■ **What is required**
Extract the stretch of lines that starts at the line with "We can turn" and ends at the last line of the data below. Give it exactly, without pictures.
══ Records for this task
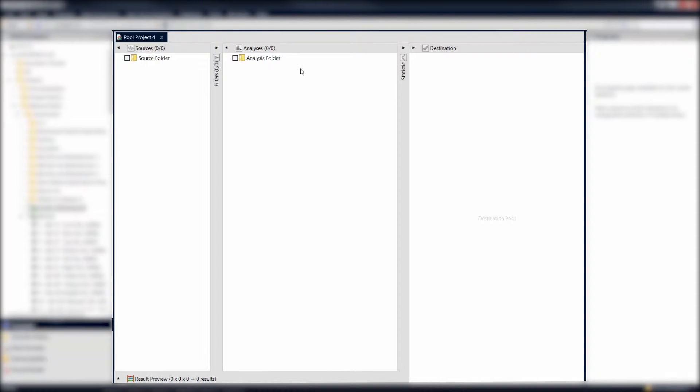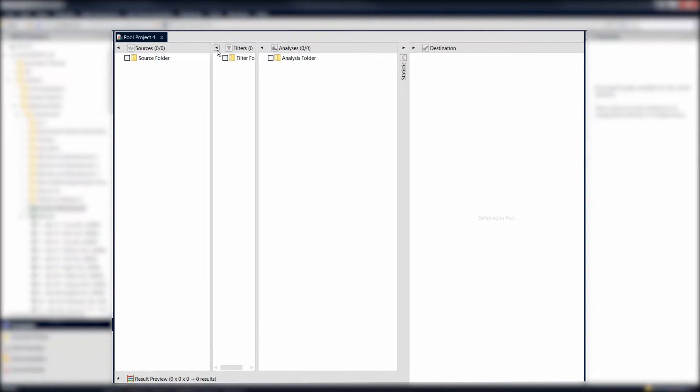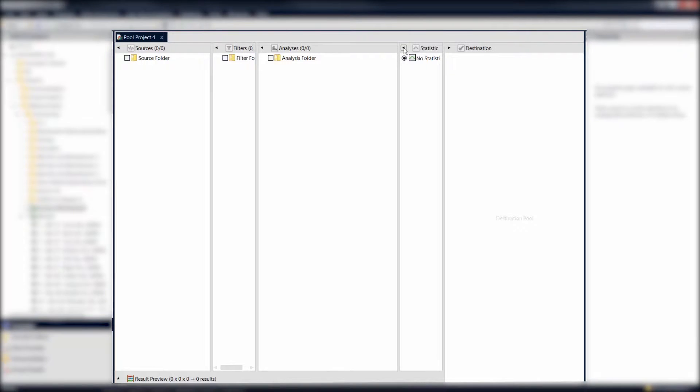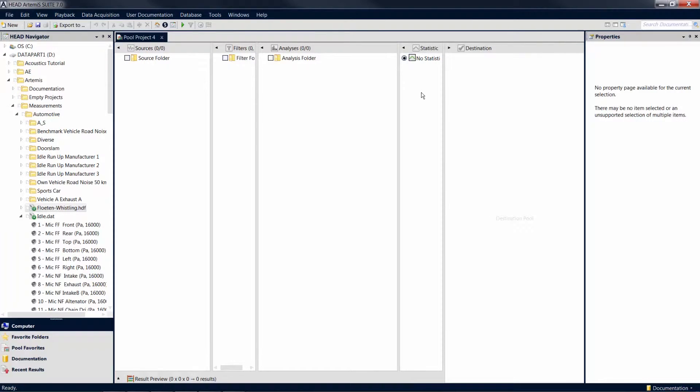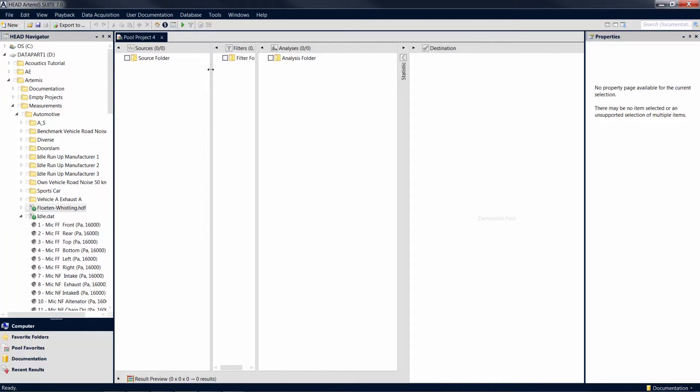In addition, you can access the filter pool and the statistic pool via the arrow symbols between the three main pools. It is important to mention that all five pools are always functional, whether they are hidden or not.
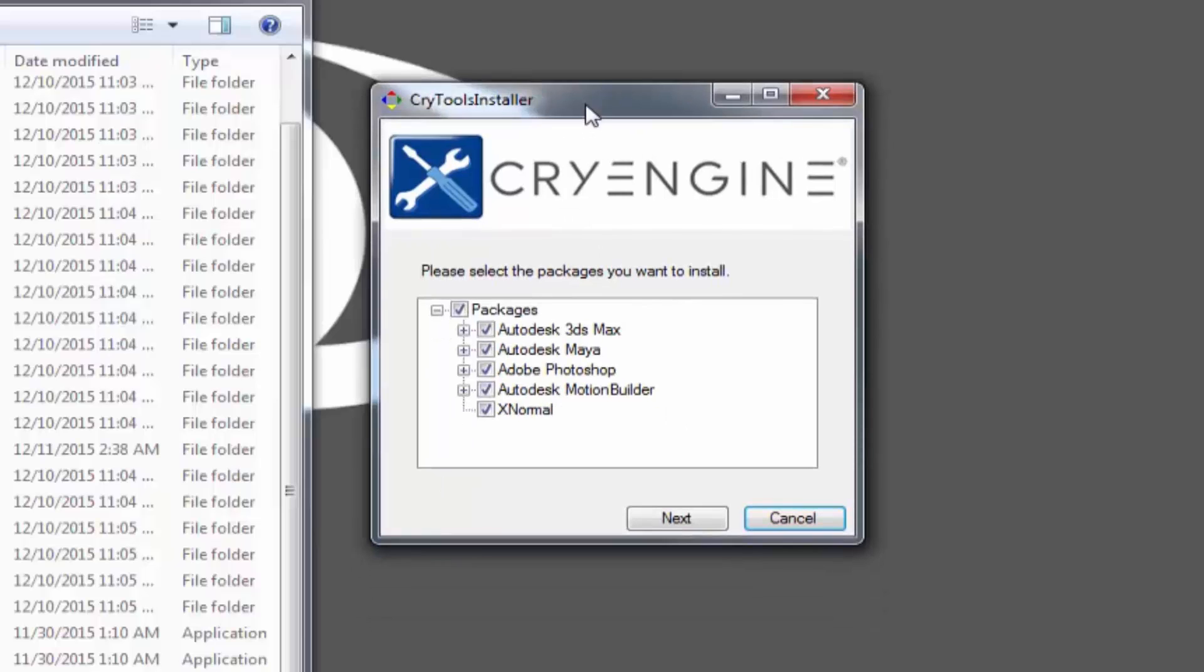The CryTools installer will automatically populate this window with packages that it can provide plugins for. In my install, I have 3ds Max, Maya, Photoshop, and Motion Builder.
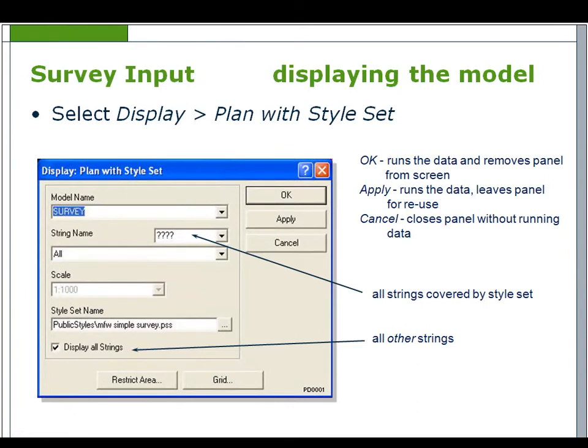To display a model, select Display > Plan with Style Set and pick the model from the model name drop-down. Four question marks will display all the strings in the style set, unless required strings are selected from the string name or feature description drop-down. The drawing display scale can be set, and it is important to check 'Display All Strings' to display strings that are in the model but have no feature description or display style. Select OK or Apply to run the data; the panel can be closed by selecting Cancel.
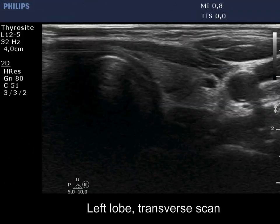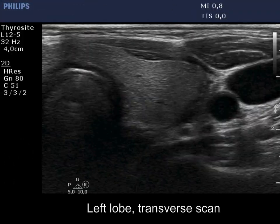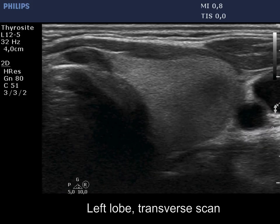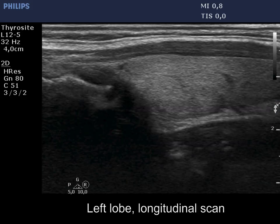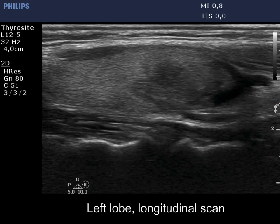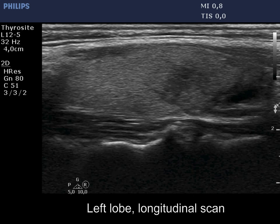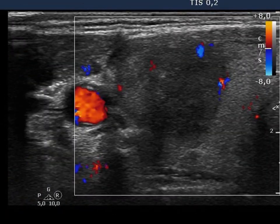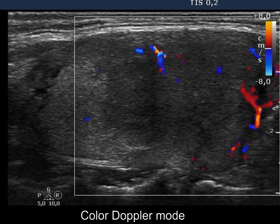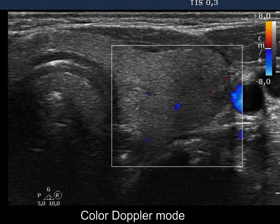The painless left thyroid was echonormal and presented a small hypoechoic region with the pathognomonic blurred borders. The vascularization was decreased both in the right and in the left lobe.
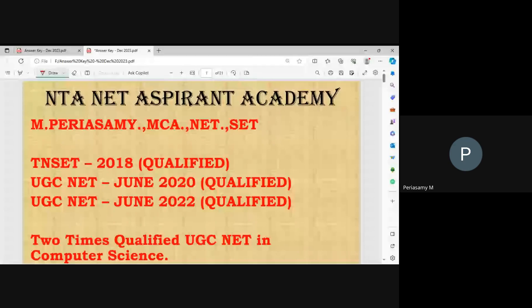Good evening. Welcome to NTNED Aspirant Academy. In this video, we will cover the December 2023 UGC NET exam expected postings and December 2023 UGC NET exam cutoff marks.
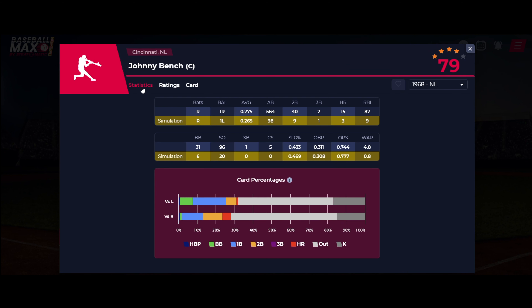The Statistics tab lets you dive into the player's stats. The first line displays their actual statistics from the selected season. If you're within a league environment, a second line will show the player's league statistics as well. Beneath the stats, you'll find the card percentages — a pair of bar charts, one for versus left-handed and one for versus right-handers. These show the percentage chance of the player's results for each at-bat.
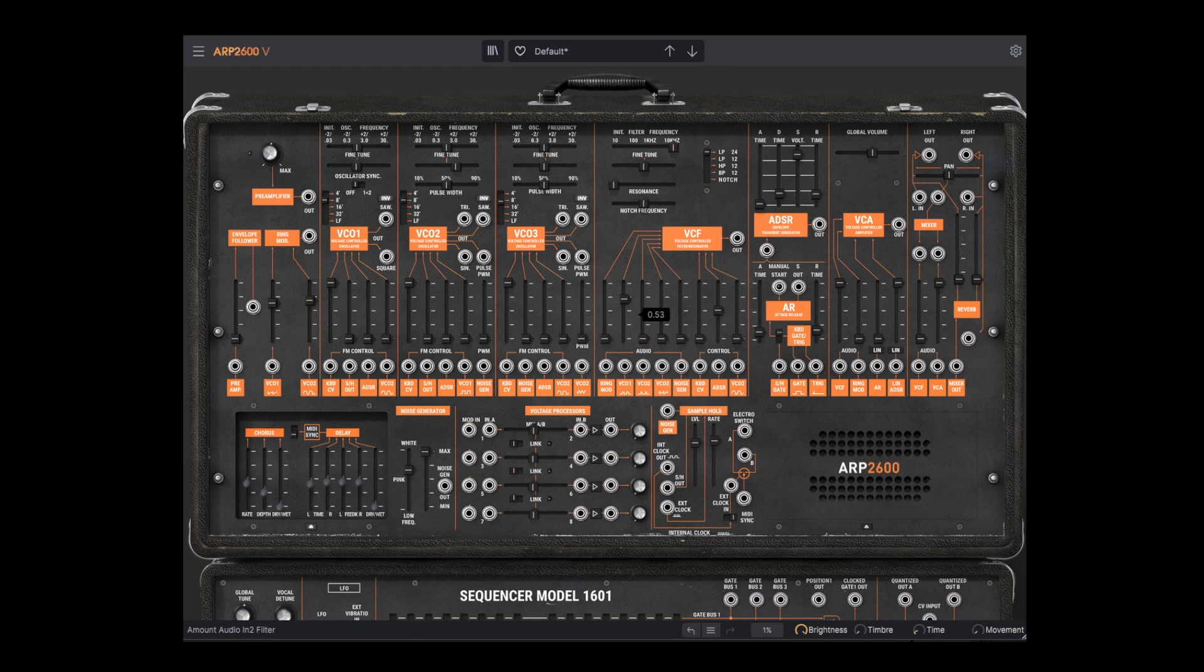We can turn that down and turn up the pulse wave of VCO2. This is a pulse with variable width that we can control here.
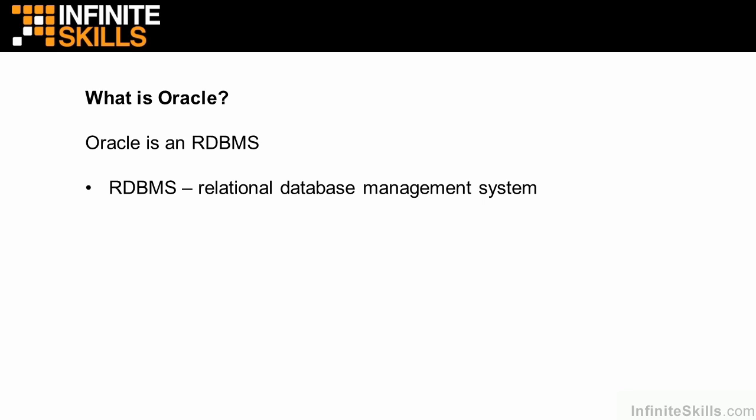In these lessons, when we refer to Oracle, we're generally referring to the Oracle RDBMS.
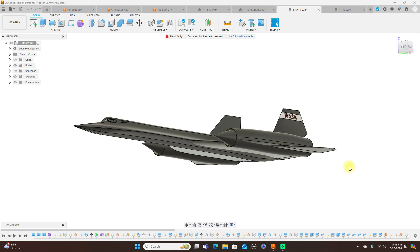Hello everyone and welcome back to the channel. Today I'm going to talk about form modeling versus surface modeling.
════
■ **Solved problem**
We can turn that down and turn up the pulse wave of VCO2. This is a pulse with variable width that we can control here.
In these lessons, when we refer to Oracle, we're generally referring to the Oracle RDBMS.
Hello everyone and welcome back to the channel. Today I'm going to talk about form modeling versus surface modeling.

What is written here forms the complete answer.